Hadn't noticed the speed thing, but the format seems to be back where it was before, which is a good thing. I was really missing the projects view…


----------



## CharlesA (Jun 24, 2013)

+1 lepelerin. When you click on new post, this appears at the top of the page:

*Read Before Posting*
How do you decide where your post belongs?
Project - showcase your completed woodworking project
Blog Entry - write about your woodworking journey in a casual or tutorial format; whether it is a project in progress, inspiration or a challenge
Forum Topic - ask a specific question or post a specific request regarding woodworking techniques or tools
*Review - post your personal review of a woodworking tool, course, book, magazine or DVD*

*Choose your post type carefully *to help keep LumberJocks.com a unique and well organized resource for everyone.


----------



## craftsman on the lake (Dec 27, 2008)

So, according to the review list a woodworking store with good customer service, or a type of finish, or a de-rusting solvent for example wouldn't fit? If so then there are a lot of infractions!


----------



## CharlesA (Jun 24, 2013)

one doesn't have to read the reviews description in the strictest sense to see that this post is not what the review section is for. It's for reviewing tools and products, not feedback on the website. This is a forum post. In fact, there's a whole forum section set aside for this kind of post.


----------



## Magnum (Feb 5, 2010)

*CharlesA: EXACTLY!!!*


----------



## JoeinGa (Nov 26, 2012)

Get a rope!










String him up!










Oh what the hell… lets just have him drawn and quartered!










.
.
.
.
.












Thanks for the review DaddyZ! I noticed it's running a bit smoother too. And it's a PLUS that some of the missing functions are back too!


----------



## Dedvw (Jul 6, 2010)

This place has more review Police than any forum I visit. Review Police on here muck up more conversations then protecting the rules they hold so dearly.


----------



## juniorjock (Feb 3, 2008)

Screw a bunch of rules . . . . . do what the hell you want. They won't lock you up real long.

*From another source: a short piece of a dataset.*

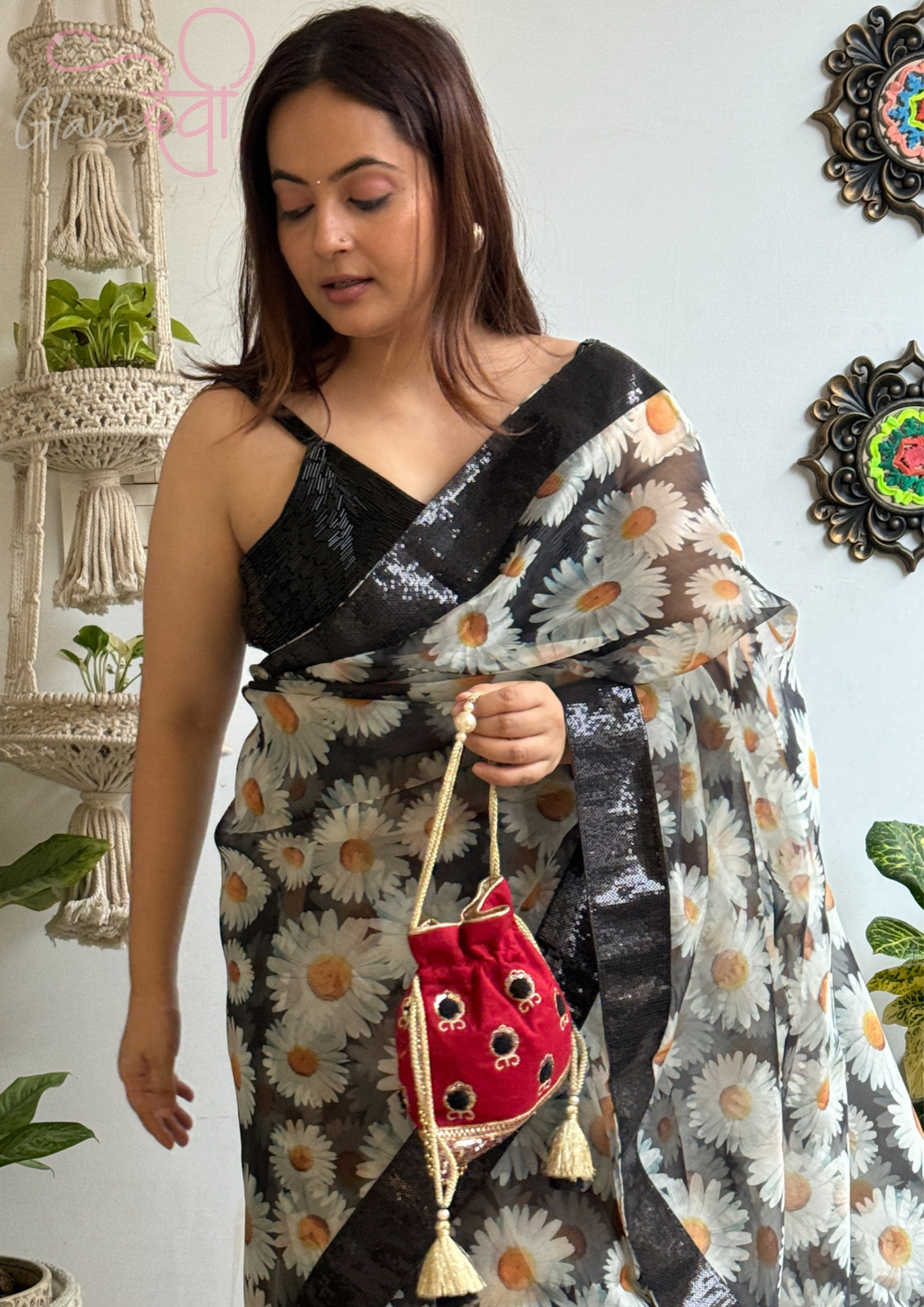 Black Bead Work Sleeveless Blouse - Glam Devi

Edit: Something to think about . . . . There are no rules in woodworking! NONE! Don't be trying to make any.


----------



## woodbutcherbynight (Oct 21, 2011)

*+1 joein10asee* great pics gave me a good laugh.


----------



## ThomasPittman (May 30, 2013)

Guess I'm like "most" people on here….Annoyed to click a review and find out it is not actually a review…Just something pushing other "real" reviews out of the 5 most recent.


----------



## 111 (Sep 2, 2013)

I guess I'm not like "most" people on here…
Doesn't bother me in the least.

*It says right in the title*: LJ's WEBSITE

What would someone expect when they open it? 
Let's see, your in the review section, it say's *Lj's website* Right in the Title, 
You open it so you can complain that it wasn't what you thought it should be?
You open it just so you can say it belongs somewhere else?
sheesh!


----------



## GarryP (Sep 14, 2013)

For the nitpickers, there's nothing in the rules giving you the responsibility to chastise others. Maybe it's a character trait.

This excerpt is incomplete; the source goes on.